I have always liked the safety themed threads on here. I like hearing other peoples solutions, ideas, experiences on safety stuff.


----------



## fjmaverick (Sep 18, 2015)

LowHydrogen said:


> Just my opinion, but if a boat is big enough to "need" a bilge pump it should really have 2.


What if a boat needs 2 one in each ponson?
Should I have 4 lol


----------



## LowHydrogen (Dec 31, 2015)

fjmaverick said:


> What if a boat needs 2 one in each ponson?
> Should I have 4 lol


haha guess I deserved that. I just meant I think it's a good idea to have a bigger pump mounted high that doesn't get used for the day to day, that will quickly get you back down to a manageable amount of water. So it'd be 3 in your case...1 for each sponson and then the "uhh ohhh" pump mounted higher in the middle lol


----------



## fjmaverick (Sep 18, 2015)

Both of my pumps are on floats.
I like a switch mounted pump as well but Ive had a habit of turning them on then forgetting it and it burns up.

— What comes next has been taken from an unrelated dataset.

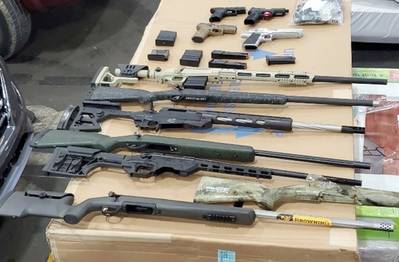 A photo introduced as evidence in the detention hearing for Nihad Al Jaberi includes nine firearms from a shipment interdicted in the Port of Savannah and reassembled, along with other firearms removed during a search of the defendant’s residence. (Photo: U.S. Department of Justice)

My middle uh oh pump is a hand pump. Dont ask me the gph.


----------



## yobata (Jul 14, 2015)

fjmaverick said:


> My middle uh oh pump is a hand pump. Dont ask me the gph.


Just need practice!


----------



## Indoman (Jul 25, 2013)

So what's the maximum gph you could use with he standard width hose/thru hull fitting? I would guess at some point you have to go with a larger hose to maximize water flow. I was going to go with a 1100 gph Rule pump but, is more better?

Can anyone recommend a brand other than a Rule? I've had them on several boats and they've worked ok.


----------



## Jason Cooper (Dec 6, 2016)

I upgraded from 3/4" hose and fittings to 1 1/8" hose and fittings when I installed the new pump.


----------